Kaspersky outlines the activities of a Chinese APT (tracked as "Luminous Moth") engaged in cyberespionage against Southeast Asian targets. Myanmar and the Philippines are receiving most of the group's attention.
Google's Threat Analysis Group yesterday blogged about four campaigns it's found in the wild that exploited zero-days. One extensive campaign, targeting mostly European government officials and believed to be the work of a Russian intelligence service, used LinkedIn spam to push malicious links. Three other campaigns, including some used against Armenian targets, appear to have been sold to various unnamed governments by a zero-day broker. While Google's estimation is that a single broker was behind the sales, CyberScoop sees Google's report as exposing a growing market for zero-days.
The REvil ransomware gang remains in the wind, gone from its customary haunts on the Web. TASS says Russian authorities know nothing about REvil's vanishing act.

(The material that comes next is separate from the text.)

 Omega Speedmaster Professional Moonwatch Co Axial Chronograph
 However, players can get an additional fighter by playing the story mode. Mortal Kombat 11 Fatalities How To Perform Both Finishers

News outlets (including Spiegel and the Moscow Times) review the leading lines of speculation about the disappearance: some Russian enforcement action, an American takedown, or simply REvil's going on the lam, but little new light has been shed on the matter. Consensus holds, however, that relaxing vigilance against ransomware attacks would be unwise.
According to Sky News, the head of Britain's MI5 warns that private persons remain targets for recruitment or manipulation by hostile intelligence services.
INKY reports that the value Bitcoin has assumed in the marketplace has driven a rise in impersonation scams in which criminals mimic the appearance of the widely used Coinbase exchange.